Speaking out

Published 11:53 am Thursday, July 11, 2013

To the Editor:

Congratulations to the Rev. Kevin Johnson for speaking out on the poor conduct of our state Legislature as it moves to undo much that has made us proud to call North Carolina home. Two weeks ago, our nation’s leading newspaper had an editorial criticizing our move away from correcting racial injustices of the past, a subject I lobbied our Sen. Bill Cook regarding and was told by him, “I believe in an eye for an eye.” I reminded him that those of us who bear the name Christian gave up that attitude over 2,000 years ago. And that same legislator from our county also drew derisive coverage from another national publication that told of his sponsoring Senate Bill 668 to prevent the “mentally incompetent” from voting, a measure that his own party’s leaders have tried to run and hide from. Given such attitudes as these held by many of our current legislators, it’s no wonder clergy and other moral leaders are practicing their rights as Americans to respectfully practice civil disobedience and be willing to go to jail if necessary for so doing.

Christians should always remember that much of our New Testament was composed in jail by the Apostle Paul, and just a shade over 50 years ago Baptist preacher Martin Luther King Jr. kicked the civil-rights movement into high gear by writing his now famous “Letter from Birmingham City Jail.”

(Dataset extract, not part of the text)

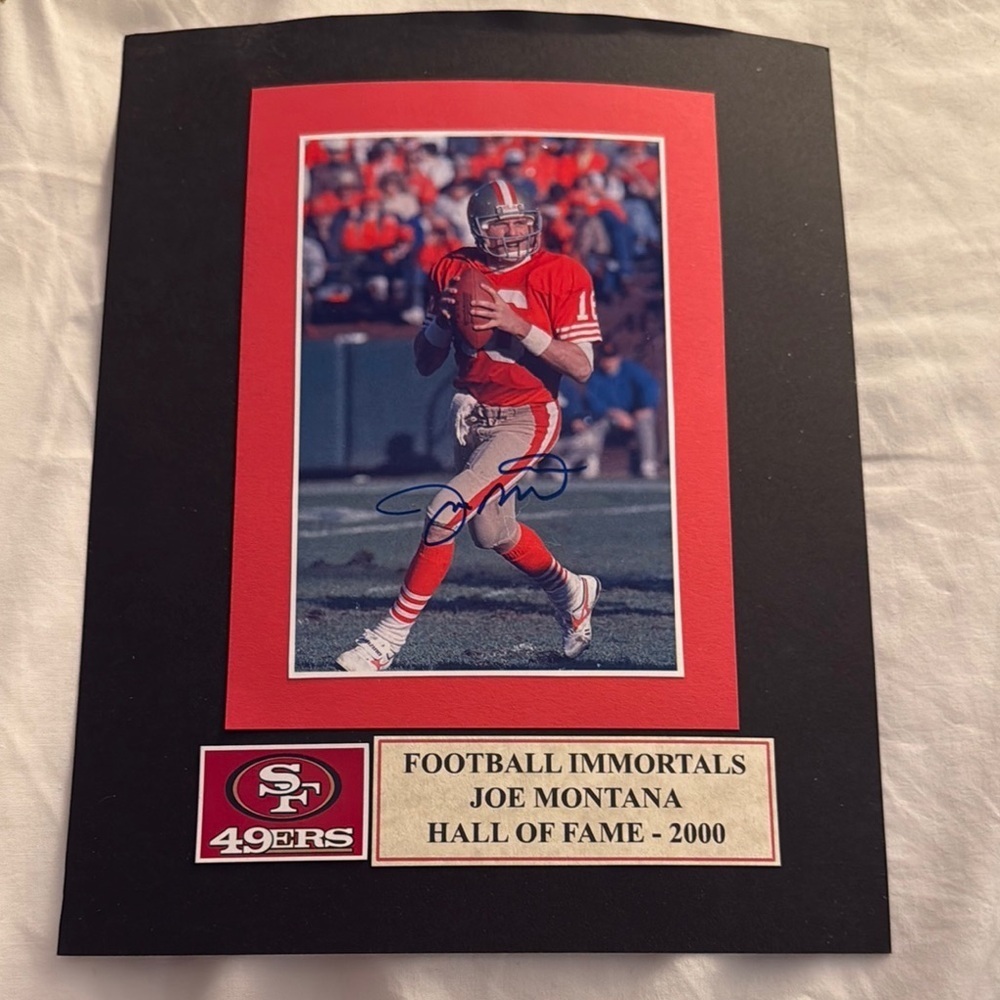 San Francisco 49ers Joe Montana Hall of Fame autographed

Interestingly, as I wore my clergy shirt fresh from having buried my wife’s favorite aunt two Mondays ago, one of the first persons I ran into outside the state House was former UNC-CH Chancellor Paul Hardin and his wife, long-time friends of ours and United Methodists. We were all there with the backing of eight denominational leaders who issued a pastoral letter the previous weekend supporting Moral Mondays. I smiled at the irony of it all as I remembered that Chancellor Hardin’s father, Bishop Paul Hardin, was one of the recipients of Dr. King’s letter, and also one of the bishops who laid hands on me when I was ordained. As Dr. King often said, “The arc of history is long, but it bends toward justice.” It still does.